Join us in giving thanks for all the good things the Lord is doing! May His name be ever more glorified!
We so appreciate your earnest prayers, your sacrificial support, your quick notes and cards, and the blessing of working together for God's name to be exalted here in Montenegro.
One with you in Christ,
Stan and Vicki Surbatovich
Vicki's Snapshot: A Sad Reality
Inspired by a recent question asked by a good friend, I had every intention of writing about the Wild Beauty of Montenegro. We can take for granted the blessings of our local environment, and I realized I haven’t shared much about our times out and about in nature here. I can confirm that Wild Beauty is 100% accurate!

Official slogan and logo.
However, after our meet-up with Svetlana who is organizing the upcoming Pro-life Conference on behalf of the Balkan Network for Life, I wanted to use my Snapshot to picture for you the difficult, ugly, heartbreaking subject of abortion here in Montenegro.
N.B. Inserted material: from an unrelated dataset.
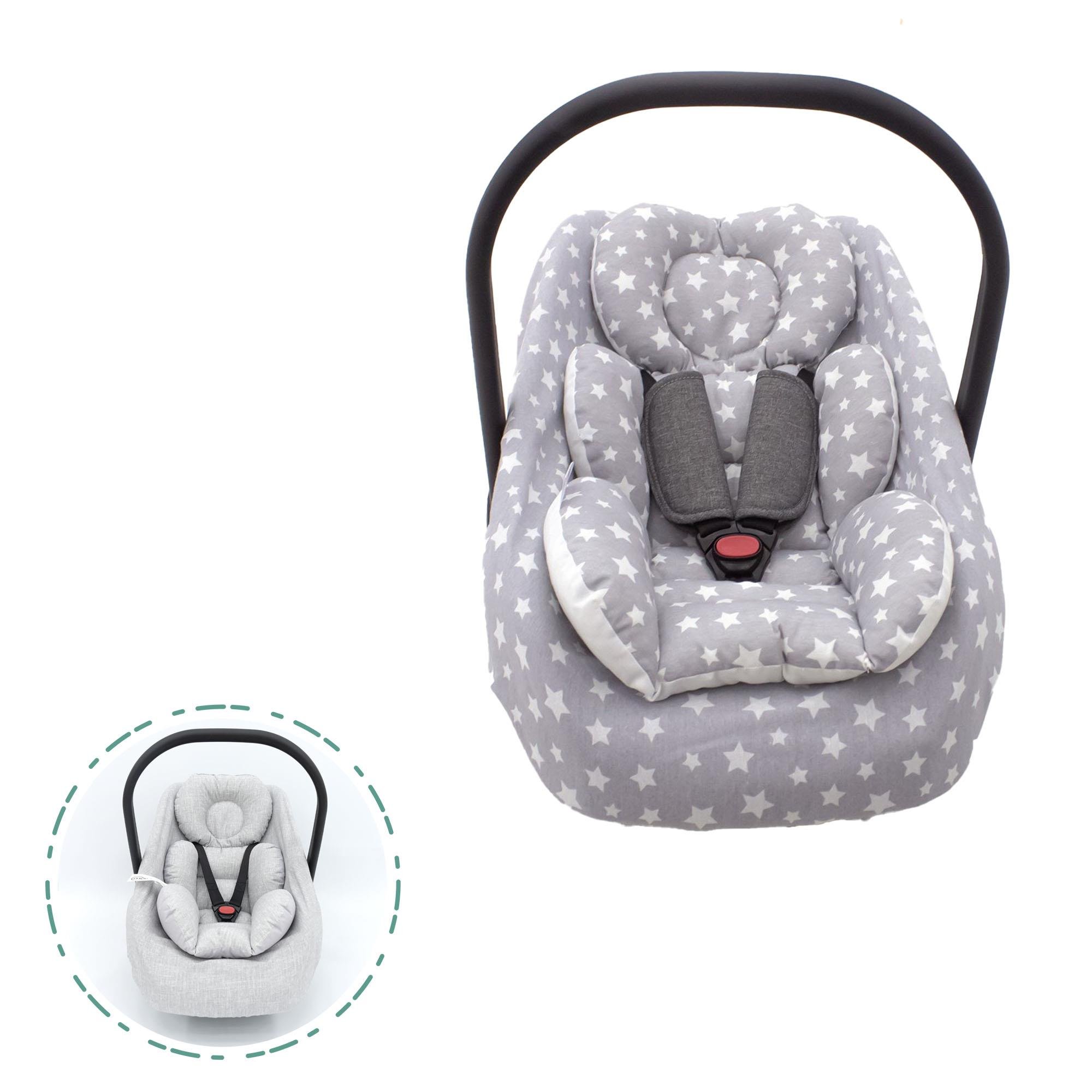 Mordesign Bebek Puset Minderi, Pamuklu Ranforce Kumaş, Stars Seri, Gri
So, be forewarned that this will not leave you smiling but grieved and prayerful.
Before I get into some grim facts, I want to make clear that Montenegrins are not anti-child. When people find out that we have five children, we are routinely congratulated with “Bravo! How wonderful!” To aid parents in providing necessities, the government pays a “Universal child allowance” for a number of years which is a real help for most families. Children are often indulged (maybe overindulged!) by loving family members.
There is no sense of “children are a nuisance,” but rather they are seen as something wonderful, the future. Which makes the fact that abortion is a given rather puzzling. This flies in the face of the fact that 70+% of Montenegrin adults claim to be Orthodox, yet Orthodox churches are staunchly anti-abortion by doctrine.
Truly, the notion of abortion is not controversial here—it doesn’t come up for political debate— it doesn’t define a political party. People don’t think abortion is some great thing but rather a valid option, especially when facing tough circumstances.
So what does this look like in reality? For approximately half the young couples who get married, the wedding date is determined by when the baby is due. Obviously not every out-of-wedlock pregnancy ends with marriage, so those pregnancies end with an abortion; there are very few unwed mothers here. Single mothers post-divorce, yes; never married mothers, no.
Any woman going for a prenatal check-up is asked if she wants to keep the pregnancy going—this is true for married women as well. In fact, married women are the largest demographic choosing to end a pregnancy. Perhaps the pregnancy was unplanned. There is definite pressure to choose abortion if testing suggests abnormalities. Some families choose to not keep the pregnancy for fear of not being able to provide for a child when finances and daily living are already an ongoing struggle.
Sadly, Montenegro ranks amongst the top ten nations in the world for sex-selective abortions because the culture values boys more highly than girls. The problem is so pervasive and the consequences so troubling that the government has made it illegal and even ran a campaign against selective abortion of girls (but not abortion in general). The problem still persists.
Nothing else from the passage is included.